Provided data ::
☆ ☆ ☆

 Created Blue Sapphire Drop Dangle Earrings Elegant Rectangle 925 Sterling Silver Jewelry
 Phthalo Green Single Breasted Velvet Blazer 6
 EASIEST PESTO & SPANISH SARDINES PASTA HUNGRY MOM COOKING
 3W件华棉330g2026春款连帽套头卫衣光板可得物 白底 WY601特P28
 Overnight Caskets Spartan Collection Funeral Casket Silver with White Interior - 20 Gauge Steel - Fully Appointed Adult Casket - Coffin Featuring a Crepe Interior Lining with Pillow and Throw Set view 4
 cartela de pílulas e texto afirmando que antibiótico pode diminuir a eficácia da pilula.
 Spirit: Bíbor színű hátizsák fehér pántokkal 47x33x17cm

☆ ☆ ☆

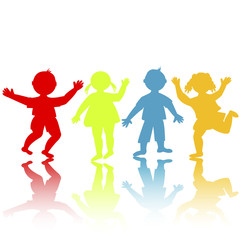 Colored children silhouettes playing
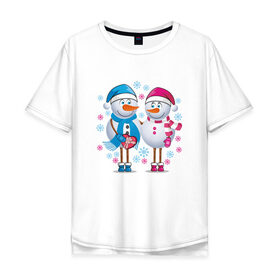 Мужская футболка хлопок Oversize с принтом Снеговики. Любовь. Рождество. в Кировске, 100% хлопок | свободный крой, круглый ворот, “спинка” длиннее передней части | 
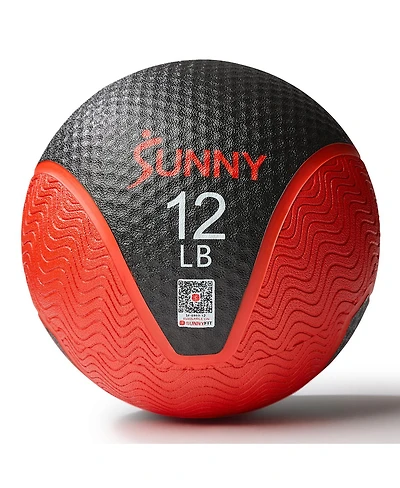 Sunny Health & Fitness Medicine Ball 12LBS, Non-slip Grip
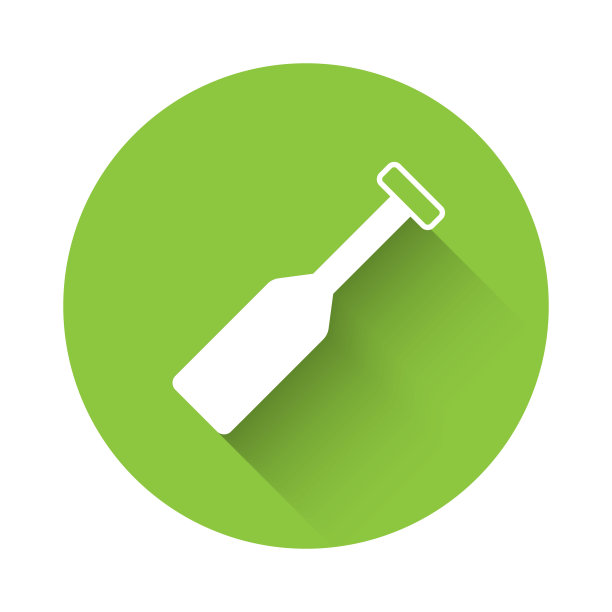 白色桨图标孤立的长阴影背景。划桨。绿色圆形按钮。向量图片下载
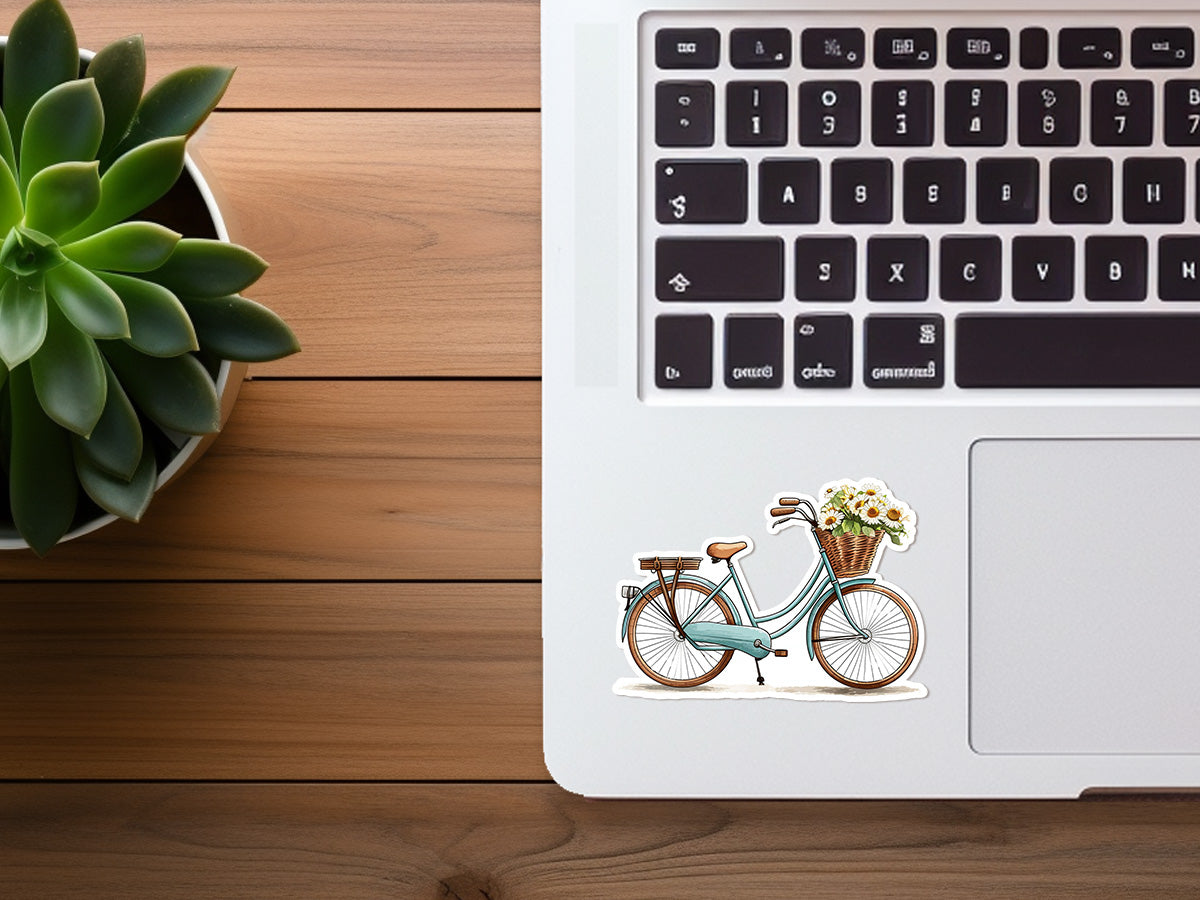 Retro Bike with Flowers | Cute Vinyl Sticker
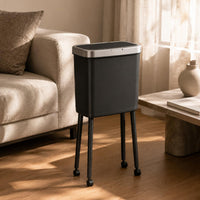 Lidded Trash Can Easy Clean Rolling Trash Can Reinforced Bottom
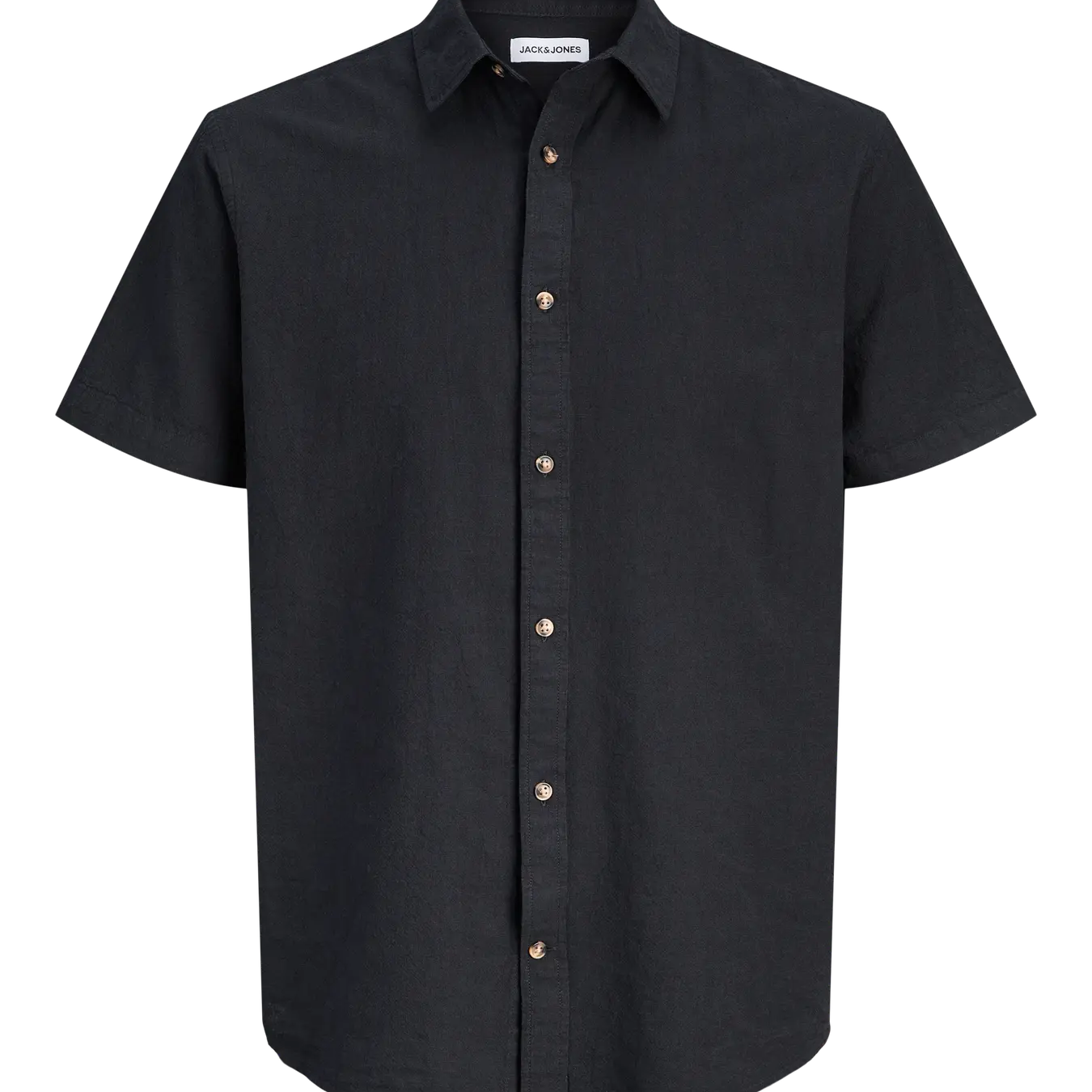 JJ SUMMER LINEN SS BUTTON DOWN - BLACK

☆ ☆ ☆

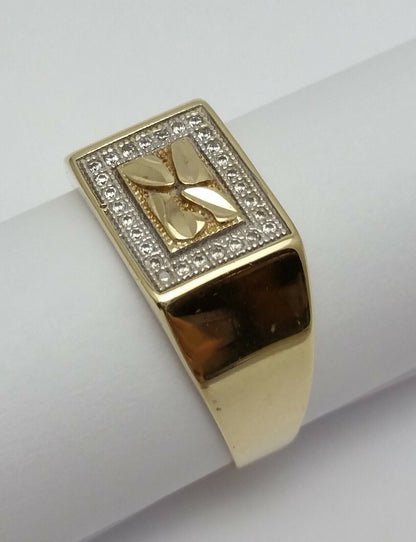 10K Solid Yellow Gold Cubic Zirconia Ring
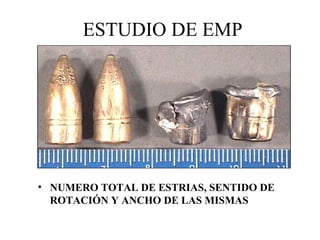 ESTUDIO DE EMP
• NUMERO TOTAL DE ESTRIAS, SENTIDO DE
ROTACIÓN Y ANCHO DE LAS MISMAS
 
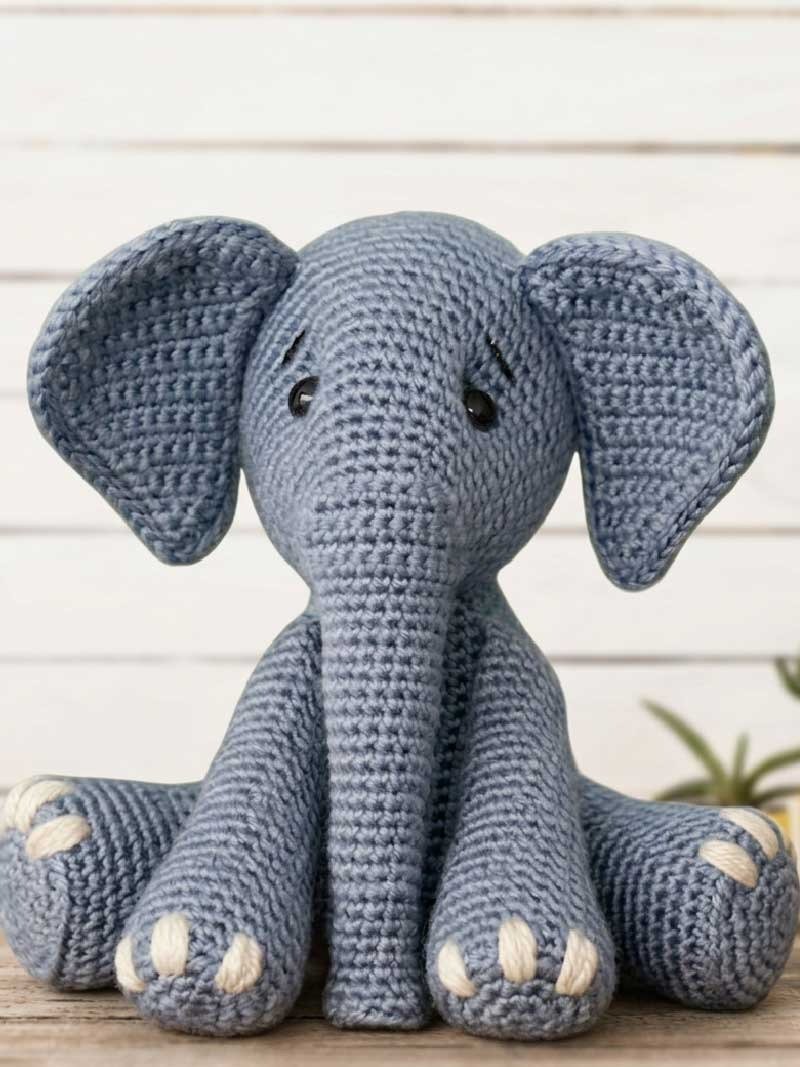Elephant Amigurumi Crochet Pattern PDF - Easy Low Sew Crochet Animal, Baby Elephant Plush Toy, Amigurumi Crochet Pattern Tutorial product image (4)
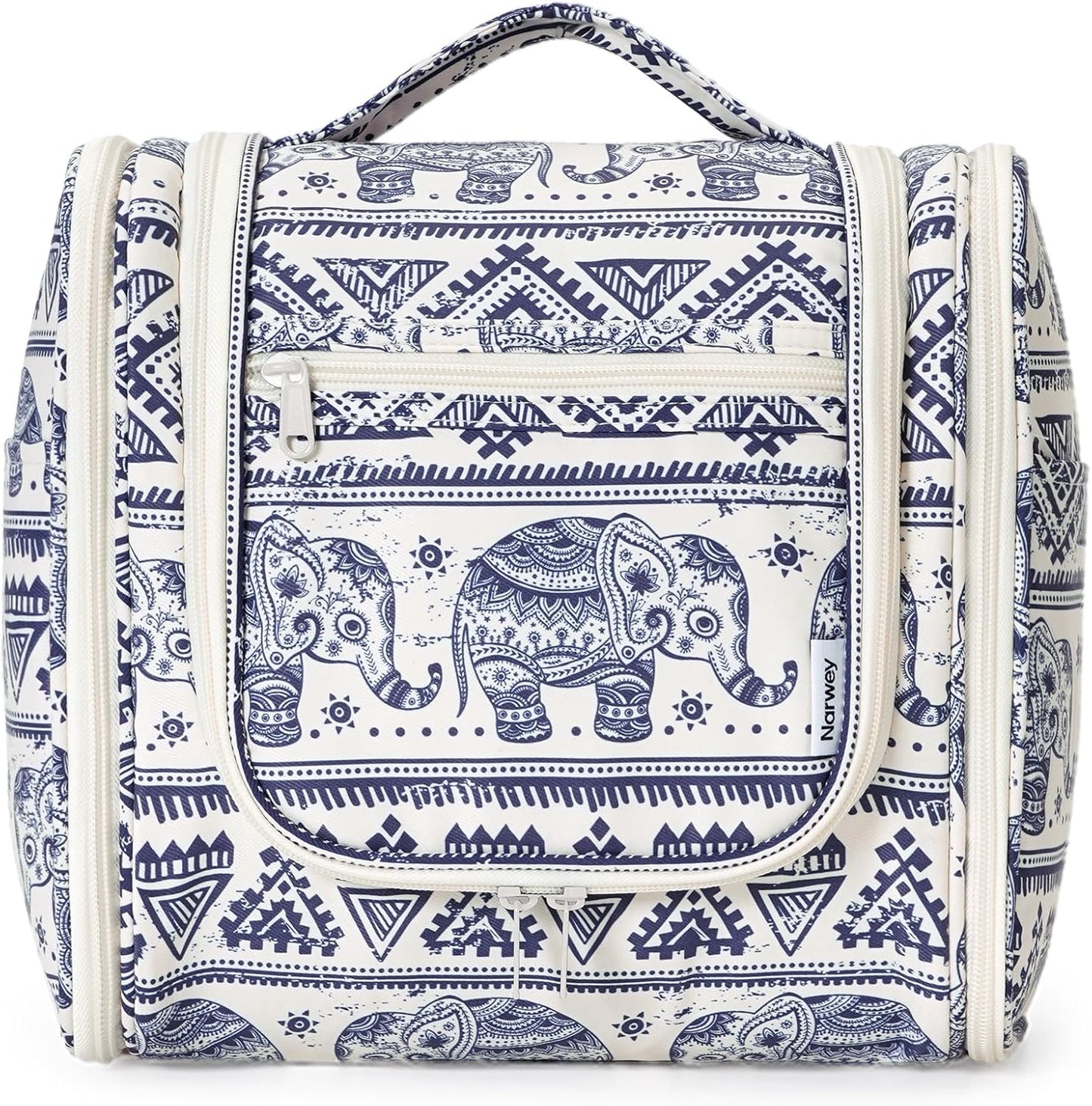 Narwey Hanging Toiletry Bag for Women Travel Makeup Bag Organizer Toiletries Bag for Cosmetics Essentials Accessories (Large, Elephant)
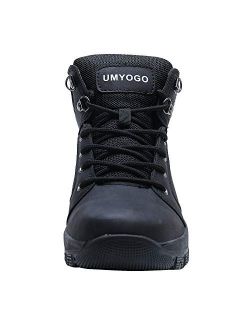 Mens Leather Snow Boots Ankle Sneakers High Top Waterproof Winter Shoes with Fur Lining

☆ ☆ ☆

Task statement ::
All lines in the records that contain "Silver" are to be copied and returned.

Answer space ::
 Created Blue Sapphire Drop Dangle Earrings Elegant Rectangle 925 Sterling Silver Jewelry
 Overnight Caskets Spartan Collection Funeral Casket Silver with White Interior - 20 Gauge Steel - Fully Appointed Adult Casket - Coffin Featuring a Crepe Interior Lining with Pillow and Throw Set view 4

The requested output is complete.